In any case, I tried:server:
private-domain: "kcilink.com"
private-domain: "m1e.net"
private-domain: mailermailer.com
private-domain: khera.org
and got# Unbound custom options
server:
private-domain: "kcilink.com"
private-domain: "m1e.net"
private-domain: mailermailer.com
private-domain: khera.org
which is the expected result.
Updated by Vick Khera about 9 years ago
This was a 2.1.3 install into a VM, upgrade to 2.1.5, then upgraded to 2.2-RC (and again to the 12/24 snapshot). There was never unbound installed on it. I used it to test out the pfblocker package only.
If you want a copy of the VMware image let me know.
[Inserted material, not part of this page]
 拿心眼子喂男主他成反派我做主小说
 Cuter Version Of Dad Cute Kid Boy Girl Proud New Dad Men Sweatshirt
I run it under VMware Fusion on my mac, and it still has the snapshot from prior to the 2.2 upgrade.
Otherwise, I guess forget about this since you cannot reproduce.
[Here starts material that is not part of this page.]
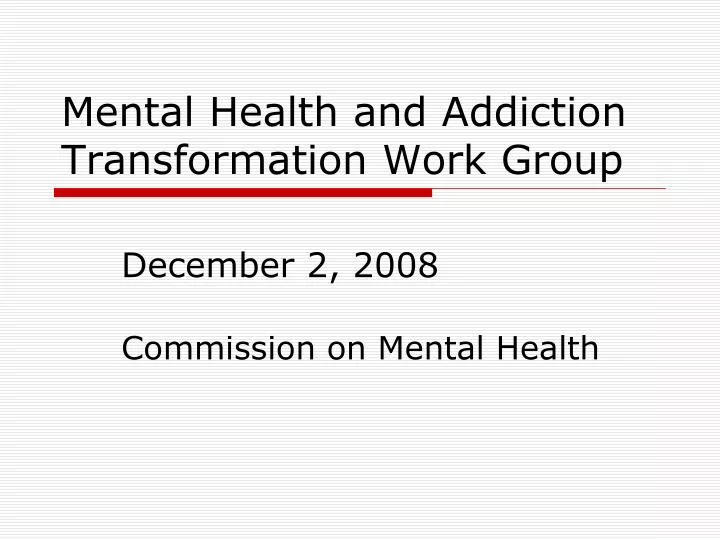 mental health and addiction transformation work group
Updated by Jim Pingle about 9 years ago
Any chance we could get the exact config.xml section that exhibited the problem?
Updated by Bipin Chandra about 9 years ago
as soon as i enter the below line in advanced config box and hit save and apply, dns resolver stops working and wont start at all
log-queries: yes
error i get is this
php-fpm83585: /services_unbound.php: The command '/usr/local/sbin/unbound -c /var/unbound/unbound.conf' returned exit code '1', the output was '/var/unbound/unbound.conf:89: error: syntax error read /var/unbound/unbound.conf failed: 1 errors in configuration file [1419919488] unbound[34655:0] fatal error: Could not read config file: /var/unbound/unbound.conf'
Updated by Chris Buechler about 9 years ago
that's legitimately wrong syntax Bipin, not related to this, see forum.
Updated by Vick Khera about 9 years ago
- File config-pfsense.localdomain-20150105090641.xml config-pfsense.localdomain-20150105090641.xml added
Jim P wrote:
Any chance we could get the exact config.xml section that exhibited the problem?
Attached is the full config file.
Updated by Renato Botelho about 9 years ago
- Project changed from pfSense Packages to pfSense
- Category changed from Unbound to DNS Resolver
- Status changed from Resolved to Confirmed
- Assignee deleted (
Renato Botelho) - Affected Version deleted (
2.1.x)
Confirmed. Steps to reproduce on 2.2:
- Configure DNS Resolver Advanced Options with the following content
server: private-domain: "kcilink.com" private-domain: "m1e.net" private-domain: mailermailer.com private-domain: khera.org
- Make a backup
- Restore the backup and will will end up with the following content at Advanced Option:
server: private-domain: "kcilink.com"private-domain: "m1e.net"private-domain: mailermailer.com private-domain: khera.org
Because of the quotes contained in the first domains, newline chars after quotes are removed on trim call inside cData() function at xmlparse.inc here - https://github.com/pfsense/pfsense/blob/master/etc/inc/xmlparse.inc#L124
Updated by Renato Botelho about 9 years ago
- Status changed from Confirmed to Feedback
Applied in changeset 0a23cddced057d929c53f3ad1e5d6898a3fada50.
Updated by Renato Botelho about 9 years ago
Applied in changeset cfb5073f83fa80e5b40476b12ea91ff5114c60fc.
Updated by Chris Buechler about 9 years ago
- Status changed from Feedback to Resolved
With Renato's steps I could replicate the issue. the base64 encoding works, and does fix it.